ECLI:NL:RBDHA:2022:12638

Rechtbank Den Haag

Datum uitspraak
28 juni 2022
Publicatiedatum
28 november 2022
Zaaknummer
NL22.10612
Instantie
Rechtbank Den Haag
Type
Uitspraak
Procedures
  • Voorlopige voorziening
Rechters
Vindplaatsen
  • Rechtspraak.nl
AI samenvatting door LexboostAutomatisch gegenereerd

Afwijzing verzoek om voorlopige voorziening in asielzaak

In de zaak met zaaknummer NL22.10612 heeft de Rechtbank Den Haag op 28 juni 2022 uitspraak gedaan over een verzoek om voorlopige voorziening van de verzoeker, die vertegenwoordigd werd door mr. B.A. Palm. De verzoeker had een asielaanvraag ingediend, maar deze was door de Staatssecretaris van Justitie en Veiligheid, vertegenwoordigd door mr. R.R. de Groot, niet in behandeling genomen. De reden hiervoor was dat Frankrijk verantwoordelijk werd geacht voor de behandeling van de asielaanvraag van de verzoeker.

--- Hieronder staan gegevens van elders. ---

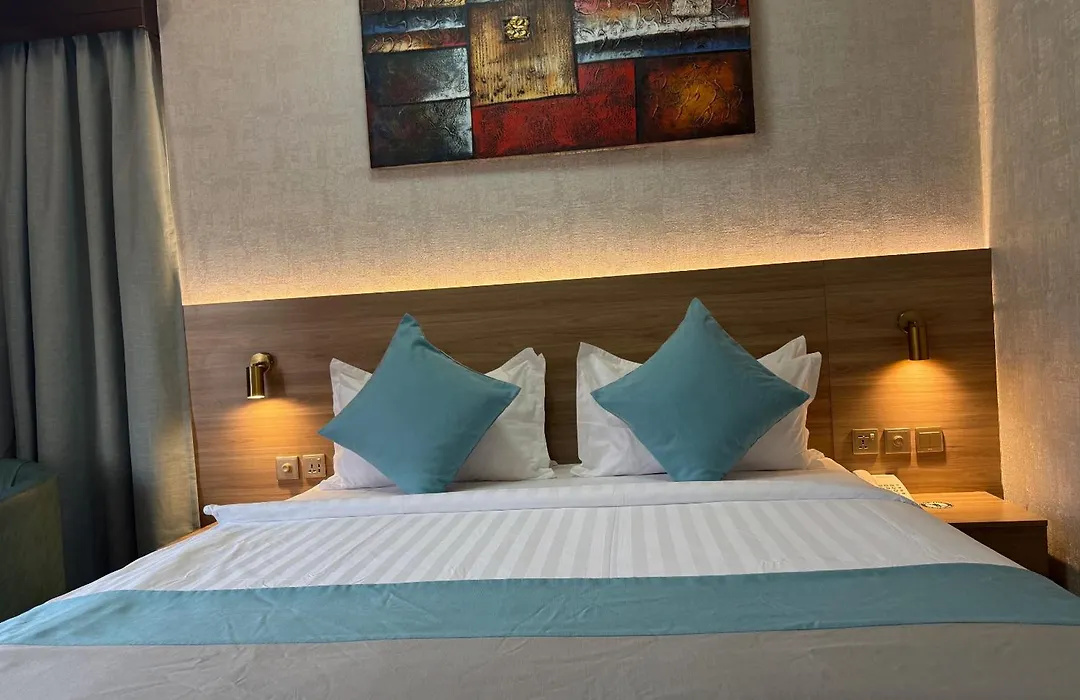 Strand Hotel-1
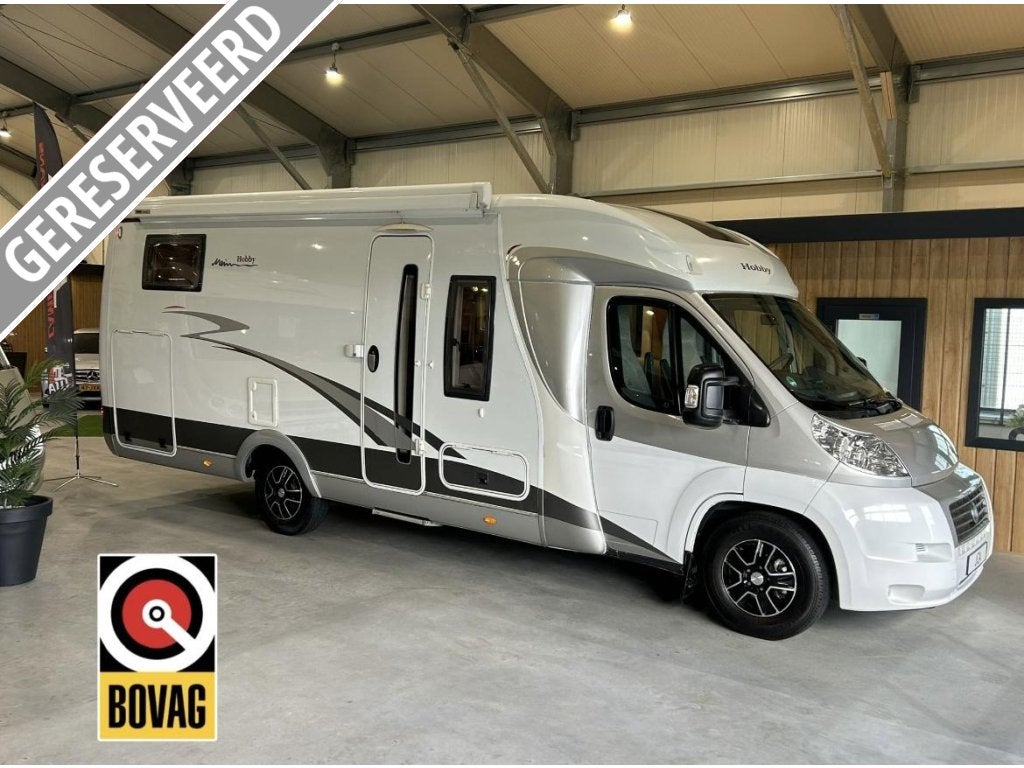 Hobby Toskana EXCLUSIVE 690GELC Enkele Bedden Fiat 160PK, Caravans en Kamperen, Campers, Ringverwarming, Fiat, Hobby, 7 tot 8 meter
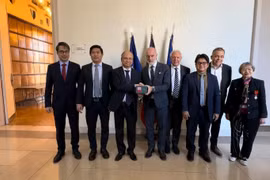 越南驻法国大使馆代表团与与东比利牛斯省工商会（CCI）代表合影。图自越通社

De voorzieningenrechter heeft het verzoek om een voorlopige voorziening behandeld tijdens een zitting op dezelfde datum, maar de verzoeker en zijn gemachtigde zijn niet verschenen. De vertegenwoordiger van de verweerder was wel aanwezig. Na de behandeling heeft de voorzieningenrechter onmiddellijk uitspraak gedaan.

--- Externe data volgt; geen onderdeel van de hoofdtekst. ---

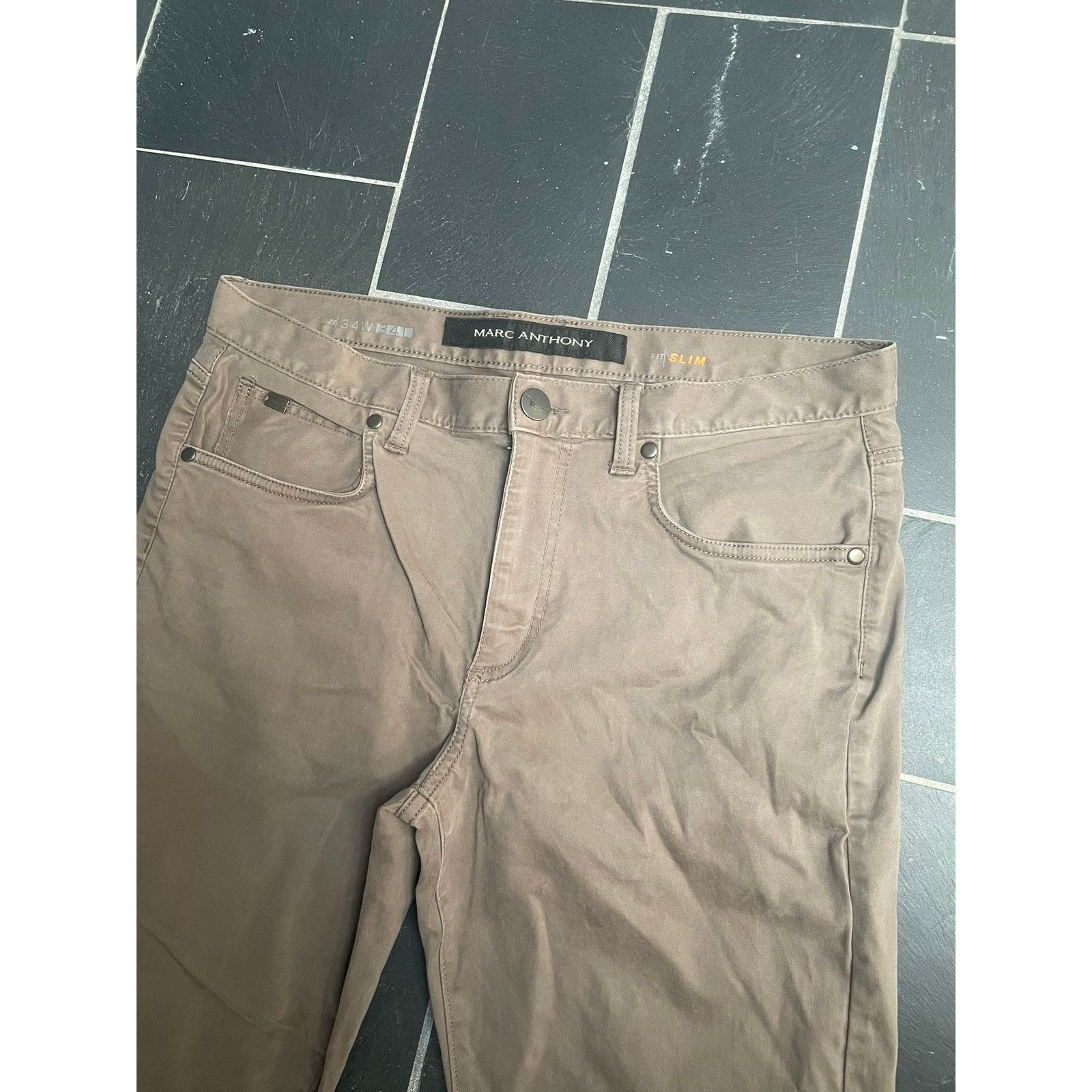 Marc Anthony Marc Anthony Slim Khaki Pants Size 34 x 34 Size US 34 / EU 50 - 3 Thumbnail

De voorzieningenrechter heeft het verzoek om voorlopige voorziening afgewezen, omdat er inmiddels op het beroep was beslist in een andere zaak (NL22.10611), waardoor een voorlopige voorziening niet meer nodig was. Tevens is er geen aanleiding voor een proceskostenveroordeling. De uitspraak is openbaar uitgesproken op 28 juni 2022 door mr. M.C. Verra, in aanwezigheid van griffier mr. S. Westerhof. De bekendmaking van het proces-verbaal vond plaats op 29 juni 2022. Tegen deze uitspraak staat geen hoger beroep of verzet open.

Uitspraak

RECHTBANK DEN HAAG

Zittingsplaats Utrecht Bestuursrecht zaaknummer: NL22.10612
proces-verbaal van de mondelinge uitspraak van de voorzieningenrechter in de zaak tussen

[verzoeker] , verzoeker V-nummer: [V-nummer] (gemachtigde: mr. B.A. Palm),

en
de Staatssecretaris van Justitie en Veiligheid, verweerder (gemachtigde: mr. R.R. de Groot).

Procesverloop

In het besluit van 7 juni 2022 (het bestreden besluit) heeft verweerder de asielaanvraag van verzoeker niet in behandeling genomen op de grond dat Frankrijk verantwoordelijk is voor de behandeling daarvan.
Verzoeker heeft tegen het bestreden besluit beroep ingesteld. Hij heeft verder de voorzieningenrechter verzocht om een voorlopige voorziening te treffen.
De voorzieningenrechter heeft het verzoek, samen met de zaak NL22.10611, op 28 juni 2022 op zitting behandeld. Verzoeker en zijn gemachtigde zijn, met voorafgaand bericht, niet verschenen. Verweerder heeft zich laten vertegenwoordigen door zijn gemachtigde.
Na afloop van de behandeling van de zaak ter zitting heeft de voorzieningenrechter onmiddellijk ter zitting uitspraak gedaan.

Beslissing

De voorzieningenrechter wijst het verzoek om voorlopige voorziening af.

Overwegingen

1. De rechtbank geeft hiervoor de volgende motivering.
2. In de uitspraak van vandaag, zaaknummer NL22.10611, heeft de rechtbank uitspraak gedaan op het beroep. Een voorlopige voorziening is daarom niet meer nodig. De voorzieningenrechter wijst het verzoek om die reden af.
4. Voor een proceskostenveroordeling bestaat geen aanleiding.
Deze uitspraak is uitgesproken in het openbaar op 28 juni 2022 door mr. M.C. Verra, voorzieningenrechter, in aanwezigheid van mr. S. Westerhof, griffier.
Dit proces-verbaal is bekendgemaakt op:
29 juni 2022

Documentcode: [nummer]

Tegen deze uitspraak staat geen hoger beroep of verzet open.